Find the values of $ p $ and $ q $ for which the following system of linear equations has infinite number of solutions:
$2x+3y=9$
$(p+q)x+(2p-q)y=3(p+q+1)$

Given: 

The given system of equations is:

$2x+3y=9$
$(p+q)x+(2p-q)y=3(p+q+1)$

To do: 

We have to find the values of $p$ and $q$ for which the following system of linear equations has infinite number of solutions.

Solution:

The given system of equations can be written as:

$2x+3y-9=0$
$(p+q)x+(2p-q)y-3(p+q+1)=0$

The standard form of system of equations of two variables is $a_{1} x+b_{1} y+c_{1}=0$ and $a_{2} x+b_{2} y-c_{2}=0$.
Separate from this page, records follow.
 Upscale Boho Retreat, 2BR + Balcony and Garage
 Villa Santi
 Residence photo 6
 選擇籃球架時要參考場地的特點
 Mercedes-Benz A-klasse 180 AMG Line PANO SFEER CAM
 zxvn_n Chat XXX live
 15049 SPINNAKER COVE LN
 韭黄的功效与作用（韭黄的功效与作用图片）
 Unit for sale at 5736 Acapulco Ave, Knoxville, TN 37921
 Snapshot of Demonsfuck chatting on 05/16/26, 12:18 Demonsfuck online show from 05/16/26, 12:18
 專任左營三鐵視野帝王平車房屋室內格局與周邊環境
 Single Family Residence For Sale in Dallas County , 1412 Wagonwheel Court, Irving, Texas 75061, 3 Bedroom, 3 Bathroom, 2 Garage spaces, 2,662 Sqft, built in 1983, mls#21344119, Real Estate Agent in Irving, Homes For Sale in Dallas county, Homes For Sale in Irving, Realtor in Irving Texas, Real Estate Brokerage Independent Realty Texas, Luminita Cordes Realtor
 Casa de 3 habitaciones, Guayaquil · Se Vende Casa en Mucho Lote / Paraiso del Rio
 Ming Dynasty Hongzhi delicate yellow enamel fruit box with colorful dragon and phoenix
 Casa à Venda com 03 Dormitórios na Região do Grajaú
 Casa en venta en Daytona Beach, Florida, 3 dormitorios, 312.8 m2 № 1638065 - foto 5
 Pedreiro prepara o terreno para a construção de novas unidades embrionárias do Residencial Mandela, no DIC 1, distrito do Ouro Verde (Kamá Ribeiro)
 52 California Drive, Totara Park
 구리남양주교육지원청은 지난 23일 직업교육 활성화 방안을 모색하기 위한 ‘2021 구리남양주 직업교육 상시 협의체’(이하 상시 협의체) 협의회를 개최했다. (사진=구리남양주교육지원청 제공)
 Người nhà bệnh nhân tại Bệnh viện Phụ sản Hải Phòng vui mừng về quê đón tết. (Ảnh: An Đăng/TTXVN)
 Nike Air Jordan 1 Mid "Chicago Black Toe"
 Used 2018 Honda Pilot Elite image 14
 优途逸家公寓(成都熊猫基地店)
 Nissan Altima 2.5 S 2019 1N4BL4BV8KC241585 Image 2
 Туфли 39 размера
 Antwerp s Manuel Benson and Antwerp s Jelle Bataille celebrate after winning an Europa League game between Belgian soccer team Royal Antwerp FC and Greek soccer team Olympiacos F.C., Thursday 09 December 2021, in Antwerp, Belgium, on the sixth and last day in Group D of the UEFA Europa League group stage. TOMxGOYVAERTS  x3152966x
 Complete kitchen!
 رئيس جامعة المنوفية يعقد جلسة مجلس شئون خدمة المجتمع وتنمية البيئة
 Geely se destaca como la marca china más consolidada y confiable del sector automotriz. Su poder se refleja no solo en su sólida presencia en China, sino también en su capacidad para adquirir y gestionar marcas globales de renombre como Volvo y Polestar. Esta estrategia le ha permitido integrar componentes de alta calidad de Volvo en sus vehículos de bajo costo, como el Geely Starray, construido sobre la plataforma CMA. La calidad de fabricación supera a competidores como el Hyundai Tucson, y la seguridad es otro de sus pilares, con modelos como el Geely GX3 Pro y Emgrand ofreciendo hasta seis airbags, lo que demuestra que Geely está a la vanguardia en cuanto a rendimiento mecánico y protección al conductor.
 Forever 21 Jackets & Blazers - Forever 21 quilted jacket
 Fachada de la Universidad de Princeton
Comparing the given system of equations with the standard form of equations, we have,

$a_1=2, b_1=3, c_1=-9$ and $a_2=(p+q), b_2=(2p-q), c_2=-3(p+q+1)$

The condition for which the given system of equations has infinitely many solutions is

$\frac{a_{1}}{a_{2}} \ =\frac{b_{1}}{b_{2}} =\frac{c_{1}}{c_{2}} \ $

$\frac{2}{p+q}=\frac{3}{(2p-q)}=\frac{-9}{-3(p+q+1)}$

$\frac{2}{p+q}=\frac{3}{(2p-q)}=\frac{3}{(p+q+1)}$

$\frac{2}{p+q}=\frac{3}{2p-q}$ and $\frac{2}{p+q}=\frac{3}{p+q+1}$

$(2p-q)\times2=3\times(p+q)$ and $(p+q+1)\times2=3\times(p+q)$

$4p-2q=3p+3q$ and $2p+2q+2=3p+3q$

$4p-3p=2q+3q$ and $3p-2p+3q-2q=2$

$p=5q$ and $p+q=2$

Using $p=5q$ in $p+q=2$, we get,

$5q+q=2$

$6q=2$

$q=\frac{2}{6}=\frac{1}{3}$

This implies,

$p=5q=5\times\frac{1}{3}=\frac{5}{3}$

The values of $p$ and $q$ for which the given system of equations has infinitely many solutions is $\frac{5}{3}$ and $\frac{1}{3}$ respectively.